I saw this quote today and it resonated with me. I definitely can use this sentiment right now. There are times in everyone’s life when you get down on yourself or your performance. In my case, it happens when I’m working behind the chair, when a hair color doesn’t turn out the way I envisioned.
I’m mostly referring to those hair color jobs that are not your average root touch up or balayage highlighting service; I’m talking about color corrections. Those previously colored heads of hair that require multiple services, multiple technique combinations, lengthy hours and thoughtful execution to transform them from undesirable into amazing.
The task is like trying to figure out a puzzle in which there are several right answers and its up to me to predict the best ones. I really love the challenge and the thought that is involved in theses processes, although they are exhausting to perform. When I feel I’ve nailed the outcome, it can be extremely uplifting. However, on those, thankfully, rare occasions I do not feel happy with my work, it can actually be devastating.
I had one of those experiences recently. She was a new client who wanted a complete color change, had damaged hair and had very high hopes for her appointment with me.
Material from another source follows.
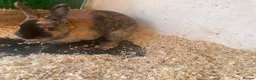 Mixed Breed rabbits for sale: Mix rabbits please read listing  - Advert 8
We had to do three different processes, a treatment and a haircut that took a total of 6hrs and cost about $350. At the end of her appointment, my client said she was happy and thanked me for my time, but I couldn’t help feel like we weren’t finished. If I could just do a little more, if I had some more time or maybe if I had done a step differently, I would feel like the job was compete.
When something doesn’t turn out perfectly, we all tend to feel our failures. And man, did I feel it. I went home at the end of the day and thought about my work. I went over everything I did to her hair, replaying the whole 6 hour appointment in my head. I laid in bed that night continuing to think about it. I pin-pointed a step that I decided I could have done differently, and envisioned myself executing it, over and over. I couldn’t fall asleep for hours, but once I did, I began to dream about painting hair color on her roots and combing it through, then foiling her ends with bleach & 20V. I woke up tired, pissed off and disappointed. I felt bad for my client whom had had so much confidence in me and now I didn't have confidence in myself. Am I a terrible stylist? Does she think I’m a terrible stylist? Should I just quit my job and lay in bed everyday thinking about what a terrible stylist I am?
And just now I came across this quote. It reminded me that yes, there will be times when I feel like I’ve failed. There will be times I feel like I could’ve done better and I need to work on my skills. And that’s a good thing! The feeling that I need to become better pushes me toward taking more classes, getting more education and expanding my skill set. It pushes me to learn. So I guess, ultimately, no matter how down we all may get when we feel our short comings, it’s important to keep in mind that a it’s those short comings that project us to our future successes.